Thursday, January 16, 2014

Priorities

When I was a younger man, few things mattered to me quite so much as fishing. My schedule was decided not by life's most necessary pursuits (education, gainful employment, meaningful relationships, etc.) but entirely by the pursuit of fish with a fly rod. Trout, steelhead, bass, carp - any fish was fair game provided I could coax it into moving to a fly. And when I wasn't on the water I was tying flies; when I wasn't tying flies I was planning my next trip. College courses were scheduled around major hatches. I worked nights so that I could fish during the day. I caught the biggest brown trout of my life on a day when I played hooky from both graduate school and work.

Contrary to everyone's expectations - except for perhaps my wife's - marriage did little to change my habits. Throughout our courtship (if they still call them courtships) my wife tolerated - sometimes even indulged - my obsession with all things piscatorial. It was she who first suggested I take a trip to Montana, and later encouraged me to make that trip some seven or eight times.
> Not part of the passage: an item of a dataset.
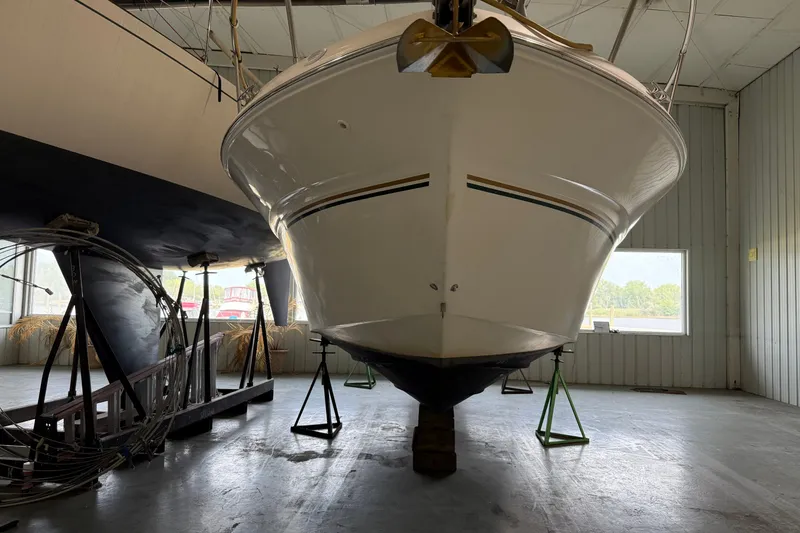 Slide: The Image of 1998 Sea Ray 290 Sundancer boat in storage, elevated on stands in a warehouse. - 2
I like to think she wanted to see me happy, but just as easily I suppose she could have been using that time to find another husband. I didn't much care; I was in Montana.




If God exists in the world then Montana - western Montana in particular - must be his backyard. For a bug chucker, Big Sky Country is like a shot in the neck with some manner of powerful antibiotic, an inoculation against those days when we are not out in the world doing that one thing we are truly meant to do. When I returned from my last trip I did so knowing that I might never again see such big skies; I knew that the memory of Montana would have to sustain me for years to come. My wife and I had decided to buy a house, and we were going to try to have a family.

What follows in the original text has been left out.